The Algerian Green Dam refers to a project initiated in Algeria in the 1960s to plant millions of trees to stop desertification, specifically to prevent the northward advancement of the Sahara Desert.[1]

The project has progressed and evolved through the 1970s, 80s, 90s, and into the 2000s.

Location of the Algeria Green Dam

The green barrier is located in the pre-Saharan area in Algeria. It stretches between the Moroccan border in the West to the Tunisian border in the East, covering a total distance of approximately 1000 km.
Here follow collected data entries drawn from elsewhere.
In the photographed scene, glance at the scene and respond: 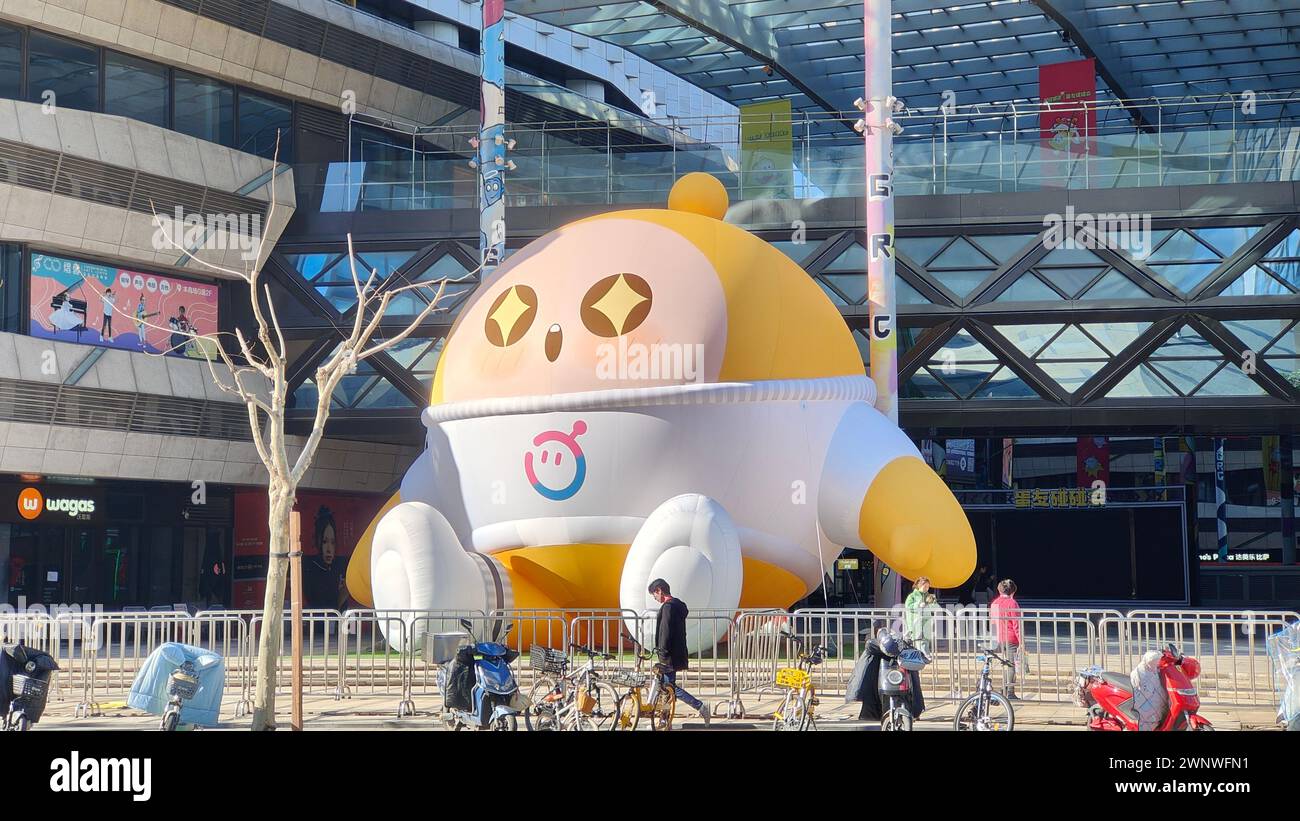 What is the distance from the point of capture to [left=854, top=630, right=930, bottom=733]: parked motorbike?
11812 mm

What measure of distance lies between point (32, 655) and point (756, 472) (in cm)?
799

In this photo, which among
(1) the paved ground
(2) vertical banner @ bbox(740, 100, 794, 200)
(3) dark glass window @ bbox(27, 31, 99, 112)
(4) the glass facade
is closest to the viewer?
(1) the paved ground

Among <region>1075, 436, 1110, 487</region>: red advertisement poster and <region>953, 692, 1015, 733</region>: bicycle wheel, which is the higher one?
<region>1075, 436, 1110, 487</region>: red advertisement poster

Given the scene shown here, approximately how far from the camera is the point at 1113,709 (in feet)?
36.7

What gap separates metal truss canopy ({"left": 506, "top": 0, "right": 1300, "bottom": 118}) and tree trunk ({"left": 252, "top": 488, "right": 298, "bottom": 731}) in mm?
20808

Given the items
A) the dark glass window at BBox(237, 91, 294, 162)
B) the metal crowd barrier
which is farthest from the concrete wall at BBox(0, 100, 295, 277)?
the metal crowd barrier

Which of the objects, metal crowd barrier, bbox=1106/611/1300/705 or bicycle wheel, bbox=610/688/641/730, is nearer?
bicycle wheel, bbox=610/688/641/730

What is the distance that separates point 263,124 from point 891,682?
23023mm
The barrier's width ranges from approximately 20 km between isohyets of 300 mm in the North and 200 mm in the South of Algeria. The project's objective is to recover the extent of the already existing forest to stop the sand expansion. Two types of vegetation were planted: Aleppo pine (Pinus halepensis), which grows easily in this region, and Alfa (Stipa tenacissima).[2][3]

History

The risk of desertification threatens arid and semi-arid regions throughout the world. Population growth, urbanization, an increase in cultivated land areas, overgrazing, and deforestation adding to the effects of climate change exacerbate the issues. Alfa grass cover has decreased while the quality of the grasslands itself is becoming increasingly degraded. According to the UNCCD, recurring droughts and human activities, mainly overgrazing, are the two main driving factors of desertification (Le Houérou, 1996 [4]).

To mitigate this risk, the Algerian authorities developed the Green Dam Project as a massive reforestation program aiming to safeguard and develop the pre-Saharan areas.
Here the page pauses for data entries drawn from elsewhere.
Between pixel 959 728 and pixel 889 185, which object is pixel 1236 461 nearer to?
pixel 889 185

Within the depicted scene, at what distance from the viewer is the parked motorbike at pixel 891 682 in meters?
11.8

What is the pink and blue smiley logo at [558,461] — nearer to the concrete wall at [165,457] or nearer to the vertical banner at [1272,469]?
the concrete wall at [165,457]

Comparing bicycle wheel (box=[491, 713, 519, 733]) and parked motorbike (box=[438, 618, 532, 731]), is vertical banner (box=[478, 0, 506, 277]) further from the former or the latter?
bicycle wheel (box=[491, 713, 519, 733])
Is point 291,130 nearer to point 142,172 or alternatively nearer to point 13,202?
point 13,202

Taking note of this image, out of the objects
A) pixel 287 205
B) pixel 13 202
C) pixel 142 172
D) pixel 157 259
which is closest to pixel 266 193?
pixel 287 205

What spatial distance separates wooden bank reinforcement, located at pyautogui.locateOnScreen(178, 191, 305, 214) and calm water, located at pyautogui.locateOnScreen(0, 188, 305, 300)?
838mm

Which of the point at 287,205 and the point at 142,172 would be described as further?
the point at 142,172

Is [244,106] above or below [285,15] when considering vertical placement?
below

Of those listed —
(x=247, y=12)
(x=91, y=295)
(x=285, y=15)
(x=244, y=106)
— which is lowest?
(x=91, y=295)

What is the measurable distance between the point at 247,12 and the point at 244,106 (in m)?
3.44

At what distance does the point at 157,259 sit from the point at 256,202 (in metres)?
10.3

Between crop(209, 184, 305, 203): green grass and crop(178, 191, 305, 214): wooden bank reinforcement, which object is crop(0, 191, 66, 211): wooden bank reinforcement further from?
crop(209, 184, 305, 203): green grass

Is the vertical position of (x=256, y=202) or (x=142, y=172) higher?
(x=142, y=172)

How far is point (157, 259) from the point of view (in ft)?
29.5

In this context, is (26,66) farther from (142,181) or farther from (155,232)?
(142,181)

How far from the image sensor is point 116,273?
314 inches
Of the 238 million hectares that make up the total land area of Algeria, 200 million are natural deserts, 20 million represent the steppe regions threatened by desertification, and 12 million are mountainous areas threatened by water erosion. 7 million hectares of the 20 steppe regions are highly susceptible to desertification and require a short-term intervention. Several natural factors, like a decrease in rainfall, high thermal amplitude, and dry winds, combined with anthropogenic factors like, cultivation, mechanization, over-grazing, and deforestation accelerate desertification.

With the rapid degradation of Alfa grass steppe, the need for action became more pressing [5]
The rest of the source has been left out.